10 мая 1924. Суббота
10 мая 1924. Суббота
Вечером, как и следовало ожидать, ко мне никто не пришел. И я даже совсем не огорчена. Ну кого мне ждать, в ком я еще не разочаровалась? Мимой — которого я считала единственным рыцарем? Сережа, который теперь совсем не бывает у меня и будто относится ко мне несколько свысока? Коля Завалишин — этот бальный кавалер и притом типичный «Завалишин»? Тима — карьерист, постоянный гость Завалишиных? Коля Овчаров — больше всего на свете любящий поспать и выпить, и, тем не менее, у меня к нему больше всего дружеского чувства. Нет, никого не надо, я уже даже рада, что я одна. Было время и было имя, когда на страницах дневника появилась фраза: «Сейчас все для него». Теперь мне как будто даже немножко стыдно за эту фразу, а тогда это было так просто и так естественно. Тогда я действительно готова была отдать ему все — и тело и душу. Душа была ему не нужна, а тело взять он не решился. Может быть, я его действительно любила, и за прошлое у меня нет к нему вражды.

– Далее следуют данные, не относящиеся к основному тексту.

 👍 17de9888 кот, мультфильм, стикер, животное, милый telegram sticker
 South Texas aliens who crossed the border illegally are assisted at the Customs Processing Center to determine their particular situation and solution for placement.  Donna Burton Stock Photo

Мне хочется сказать ему словами Ахматовой:
Но клянусь тебе ангельским садом,[314]
Чудотворной иконой клянусь, —
И ночей наших пламенным чадом, —
Я к тебе никогда не вернусь.
Сейчас мне больше всего хочется, чтобы уехал Сергей Сергеевич. Мне он надоел, прямо видеть не могу. Я-то чем виновата, что он влюблен? А об этом даже и в роте говорят, зовут его Камер-паж. Только мне кажется, что он так и не соберется уехать. Как же он мне говорил: «Как мне тяжело уезжать, я так привык к вам, — и затем добавил, — всем. И что-то меня ждет там — жизнь, работа и т. д.» — «Тогда я вас совсем не понимаю, Сергей Сергеевич. Если там хуже, так зачем же вы едете?» — «Разве вы не понимаете, отчего я уезжаю?» Я замолчала. «Ну, уговорите меня, я останусь». Но уговаривать его у меня не было никакого желания. А как, в самом деле, все странно: все сводится к монологу грибоедовской Лизы: «Ну, как не полюбить буфетчика Петрушу?» Дедка за репку, бабка за дедку, — так и получается какая-то цепь; и никто не обернется, не встанет лицом к другому. И это — схема любви, или влюбленности, влюбчивости, влюбляемости — вернее всего.

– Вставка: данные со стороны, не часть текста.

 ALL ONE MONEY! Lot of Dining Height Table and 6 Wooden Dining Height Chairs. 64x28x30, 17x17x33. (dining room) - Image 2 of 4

А я за последнее время совершенно потеряла веру в чистую, т<ак> н<азываемую> идеальную любовь. Мне кажется, что тут на первом месте выступает животный инстинкт. И потому, что мне сейчас так хочется любви — я верила и окрепла для нее, — я стала все чаще думать о Чернитенко. Это не любовь, и даже не влюбленность, просто хочется о ком-нибудь думать по ночам, а он еще ничем не запятнан в моих глазах, я даже сны вижу о нем такие нежные. Это немножко глупо, но — неизбежно. А на Васю я уже давно махнула рукой, мне даже хочется с ним поссориться. Я стараюсь не думать о нем, а все-таки он идет на ум, и все-таки в группе кадет я ищу глазами его, и все-таки в красной тетради Папы-Коли я ищу графу против его фамилии. Это тоже глупо, а и пока — неизбежно.